# Can't download mobile banking app on Fire HD



## SeymourKopath

My bank's mobile banking app is not in the Kindle App Store. So, using the Fire HD's web browser, I went directly to my bank's mobile website to try and download it that way. When I click on the link for the Android version of the app, the Fire HD presents me with the following dialog: "This app is trying to open a link with an external market that is not available on Kindle Fire. Would you like to open this link with the Amazon Appstore instead?" I can choose Continue or Cancel.

Clicking Continue takes me to the Amazon Appstore, where the app doesn't live.

Clicking Cancel leaves me in the browser with a blank window.

I'm looking for advice on how to get this app on my Fire HD. Can it be sideloaded if I can download it to my computer? If so, what folder on the Fire HD should I put the app file in?


----------



## Ann in Arlington

If it's available at 1Mobile or GetJar you can probably get it there. But many of the banks only distribute through Google.

To get it from 1Mobile or GetJar, go to those sites via the browser and download the store app. Then you can use that to find apps same as you would with Amazon's appstore or Google play.

If you can only get it from Google, you may be able to d/l it from Google play to another Android device and then copy the apk file. But that's not something I've ever done. . . . .

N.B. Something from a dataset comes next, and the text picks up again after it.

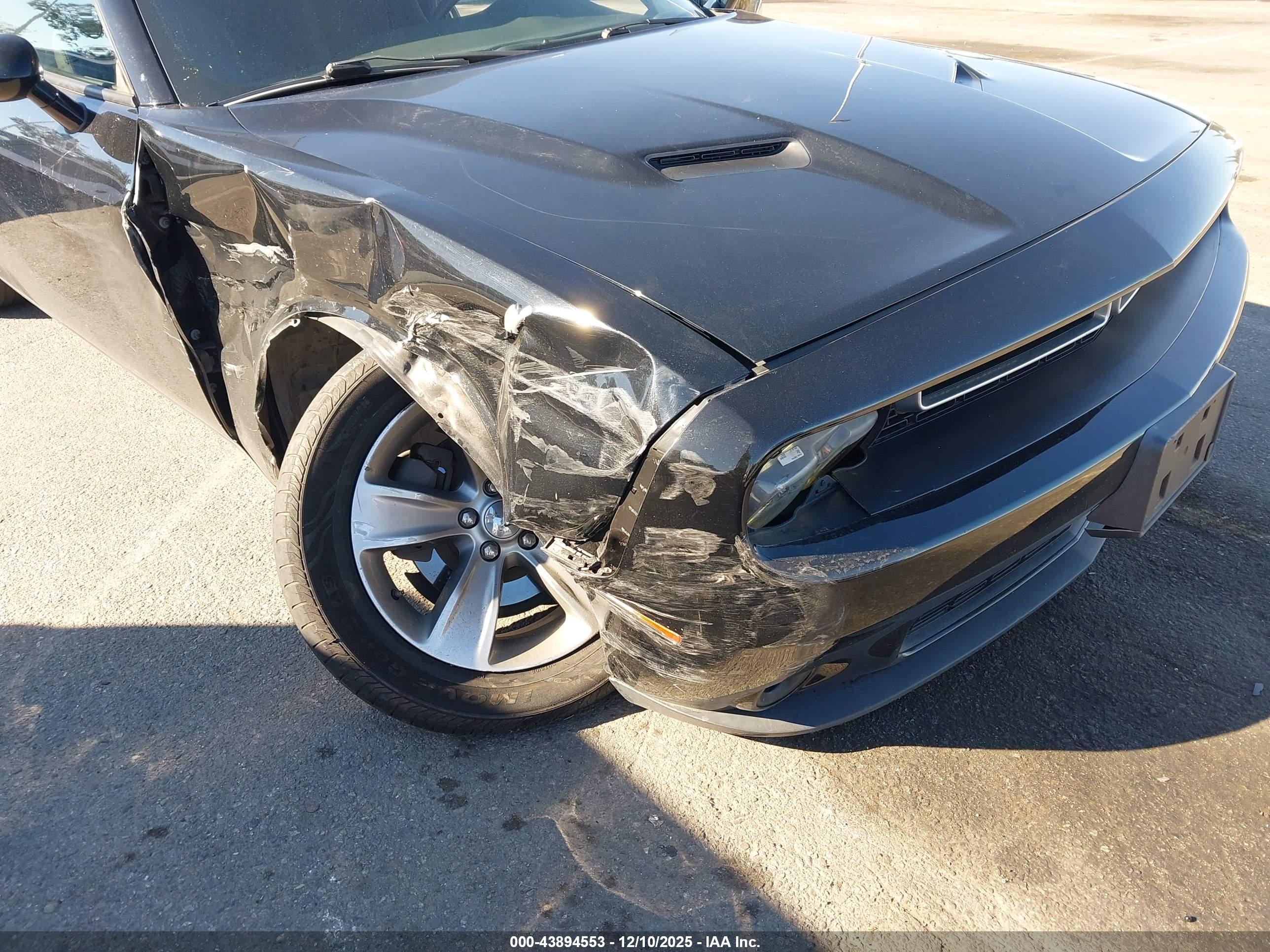 DODGE CHALLENGER image 6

I'm going to move this to Fire Talk as it deals with Fire apps -- I'm pretty sure someone there can tell you how to get an app from Google Play -- even without rooting the device.

BTW, what's the bank? There are some available at Amazon; here's the link for 'financial' apps: http://www.amazon.com/b/ref=mas_lftnav_Finance?ie=UTF8&node=2478832011&pf_rd_m=ATVPDKIKX0DER&pf_rd_s=browse&pf_rd_r=0Q9SZ6431K14A1QR8EZ0&pf_rd_t=101&pf_rd_p=1555778982&pf_rd_i=2350149011 It includes a number of the bigger banks -- and some smaller ones -- as well as a bunch of generic financial apps.


----------



## Betsy the Quilter

SeymourKopath said:


> My bank's mobile banking app is not in the Kindle App Store. So, using the Fire HD's web browser, I went directly to my bank's mobile website to try and download it that way. When I click on the link for the Android version of the app, the Fire HD presents me with the following dialog: "This app is trying to open a link with an external market that is not available on Kindle Fire. Would you like to open this link with the Amazon Appstore instead?" I can choose Continue or Cancel.
> 
> Clicking Continue takes me to the Amazon Appstore, where the app doesn't live.
> 
> Clicking Cancel leaves me in the browser with a blank window.
> 
> I'm looking for advice on how to get this app on my Fire HD. Can it be sideloaded if I can download it to my computer? If so, what folder on the Fire HD should I put the app file in?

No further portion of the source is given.